The Orioles have been on him for much longer, with West Coast-area scout Brandon Verley first hearing about Rutschman when he was an eighth grader in central Oregon. Three years later, Verley stumped passionately for Rutschman in the Orioles' war room during the 2016 Draft’s later rounds, hoping to take a flier despite Rutschman’s strong commitment to Oregon State. The Mariners eventually selected Rutschman in the 40th round, as a pitcher, at which point he headed to Corvallis.

Rutschman was a two-sport athlete then, punting for OSU’s football team as a freshman before committing to baseball full time as a sophomore. That’s when, Verley said, Rutschman’s career “took off like a rocket.” He shot up Draft boards that spring, earning College World Series Most Outstanding Player honors for the national championship team that also included Orioles farmhand Cadyn Grenier.

“I can’t say enough about him,” Verley said. “It was the easiest decision, to be able to say yes to a player like that.”

Asked how quickly Rutschman can rise to the Majors, Verley said, “there are a lot of guys that think he can play there right now.”
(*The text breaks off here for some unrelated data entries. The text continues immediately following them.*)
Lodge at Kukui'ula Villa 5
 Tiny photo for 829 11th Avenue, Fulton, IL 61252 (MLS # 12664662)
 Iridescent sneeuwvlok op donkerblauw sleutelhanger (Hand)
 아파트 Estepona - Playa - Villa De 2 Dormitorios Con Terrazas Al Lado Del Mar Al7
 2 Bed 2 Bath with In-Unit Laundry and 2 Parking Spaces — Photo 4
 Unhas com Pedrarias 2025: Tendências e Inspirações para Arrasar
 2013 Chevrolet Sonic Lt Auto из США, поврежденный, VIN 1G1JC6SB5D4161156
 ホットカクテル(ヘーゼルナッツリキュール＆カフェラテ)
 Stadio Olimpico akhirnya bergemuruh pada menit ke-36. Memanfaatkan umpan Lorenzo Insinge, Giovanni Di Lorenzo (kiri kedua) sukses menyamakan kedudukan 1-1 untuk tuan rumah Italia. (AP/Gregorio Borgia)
“I think you could put him there right now if you wanted,” Verley said. “Obviously the learning curve would be tougher than if he was to climb [professional levels], but as quickly as Mike and the guys at the top are ready to get him in there, I think he’ll be ready to answer the call.”

For the Orioles, the how, why, and when are all questions for another day. They view Tuesday as just a beginning.

“We’re trying to bring in talent from every direction possible,” Elias said. “Having the No. 1 pick in the Draft is a special opportunity to do that. I think the important thing for us is that doesn’t start and end here.”